Kill Bill C-69, business group tells Senate

Biggest concern for business on regulatory front is now federal Impact Assessment Act


Energy East, Pacific NorthWest LNG, Northern Gateway, Trans Mountain pipeline – these are some of the more high-profile multibillion-dollar projects that have been killed, cancelled or postponed on Prime Minister Justin Trudeau’s watch.

But if Canadians think it’s tough now to get a new pipeline approved in Canada under the current environmental review process, just wait until they see what’s in store under the new Impact Assessment Act, warns a business lobby called Suits and Boots.

The new act – Bill C-69, which is still before the Senate – would replace the Environmental Assessment Act with the Impact Assessment Act.

“Bill C-69 is supposed to be the solution to our regulatory problems, but the business community feels it will add to them,” said Val Litwin, president and CEO of the BC Chamber of Commerce.

Among the concerns over the new act is that it would make it easier to achieve standing as an intervener.

“There’s no barrier of standing, so any number of paid political protesters, any group at all that wants to jam the hearings, has free rein to do so,” said Rick Peterson, president of Peterson Capital and founder of Suits and Boots, which represents 2,500 business people and investors. “Everybody we speak to who finances the energy sector is vehemently opposed to Bill C-69.”

Canada has already seen a flight of capital by large energy companies. While the U.S. posted a 38% increase in investment in the oil and gas sector in 2017 – a total of $140 billion – investment in Canada’s oil and gas sector fell 19%, according to the Canadian Association of Petroleum Producers.

If Bill C-69 becomes law, it will only deter investment more, Peterson said. His group is lobbying the Senate to kill the bill.

“There will be a strike on investing capital in Canada,” Peterson said. “Why would foreign investors put money into Canada?”

Speaking to the BC Chamber of Commerce recently, federal Environment Minister Catherine McKenna said that the protests and court challenges that have stalled the $7.4 billion Trans Mountain pipeline expansion project were the result of the current flawed regulatory process that lost the public’s trust.

Without that trust, “you will end up in court, and you will end up with protests,” McKenna said.

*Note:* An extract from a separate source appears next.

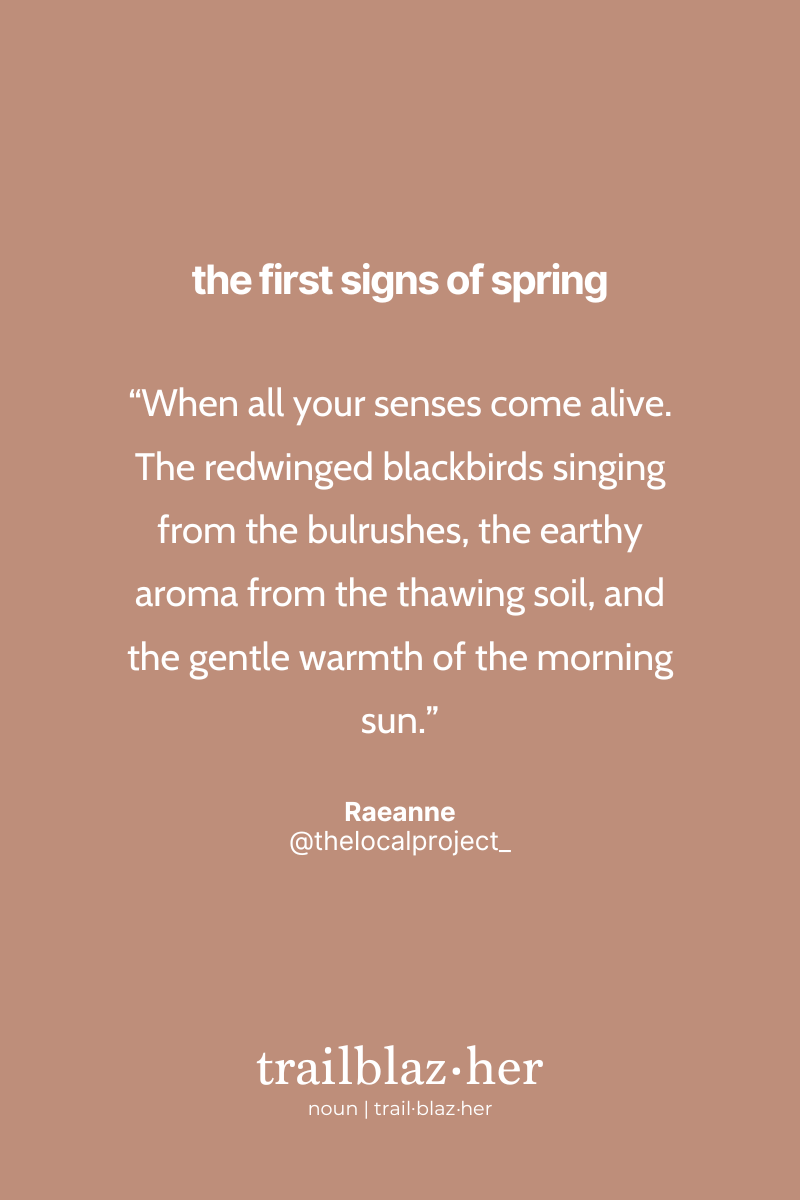 A graphic with a muted rose background displaying the text "the first signs of spring" at the top. Below is a quote by Raeanne celebrating the sensory awakening of spring with the sights and sounds of nature. The term "trailblaz.her" is labeled as a noun at the bottom.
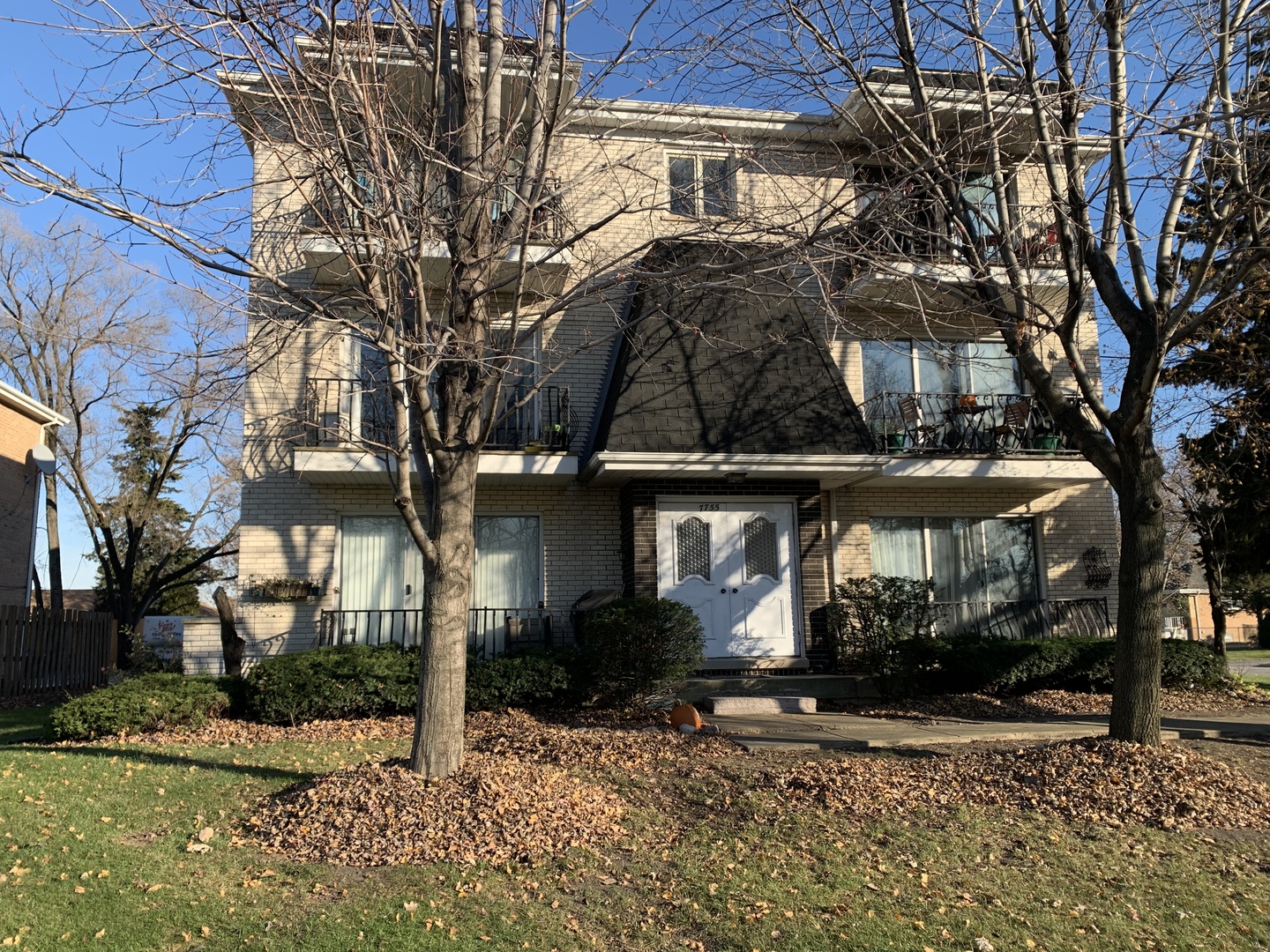 7755 South Roberts Road, Unit 2 Bridgeview, IL 60455 - Photo 1 of 13 a view of a house with a yard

She said the new Impact Assessment Act will let investors know up front if their projects have a chance of being approved, and eliminate some of the duplication between federal and provincial processes. And once projects are approved, she said, they will be more difficult to challenge in court.

“It’s also about doing better,” McKenna said. “It’s about having shorter, tighter timelines. It’s about working with provinces.”